I love discovering and exploring new areas, which is one reason why I’ve had so much fun interning at Lewis Ginter Botanical Garden this summer!  I recently went on a tour of the Garden with other summer interns and discovered aspects of the Garden that I have never realized before.  When you walk out of the Visitor’s Center I can’t help but stare at the breathtaking and colorful view of the Conservatory.  It was nice to be on the tour because we stopped at the gardens in front of the Conservatory, which was something I have never done before.  Before I always overlooked areas of the Garden, not realizing all the hard work and thought process that went into making them what they are.

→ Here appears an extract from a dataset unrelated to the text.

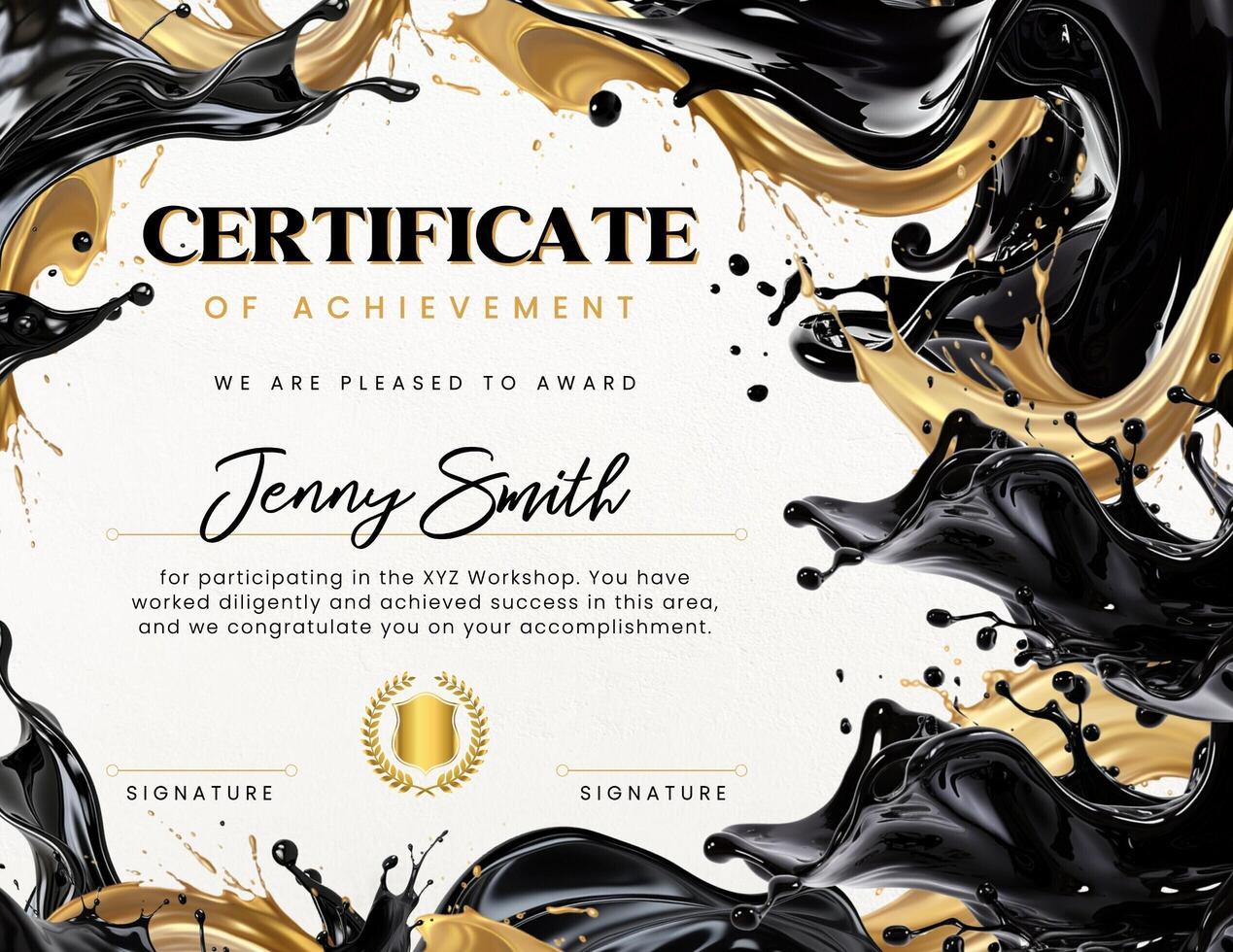 Creative Certificate of Achievement Template in Abstract Black and Gold Liquid Oil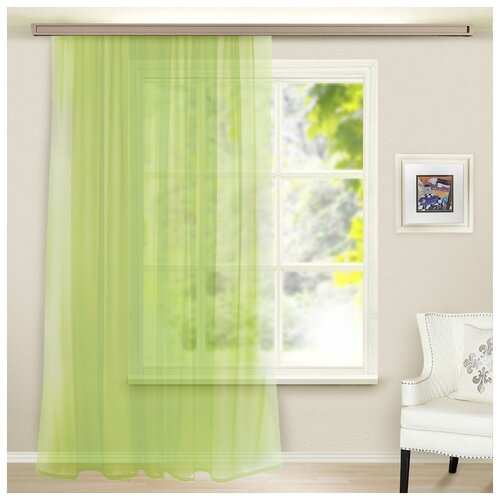 фото Штора-вуаль witerra однотонная, 145*260 см, светло-зеленая, 100% полиэстер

As you walk down the main path toward the Conservatory there is a Healing Garden to your right.  The Healing Garden reflects one of the fundamental uses of plants – for medicine and healing.  I learned that this garden is designed as a place for spiritual healing through contemplation, meditation and reflection.  I highlighted a few of the plants below that are used for common conditions and had interesting past uses.  These plants should not replace what has been described by your physician and are often hard to identify, and so I strongly discourage from self-medicating.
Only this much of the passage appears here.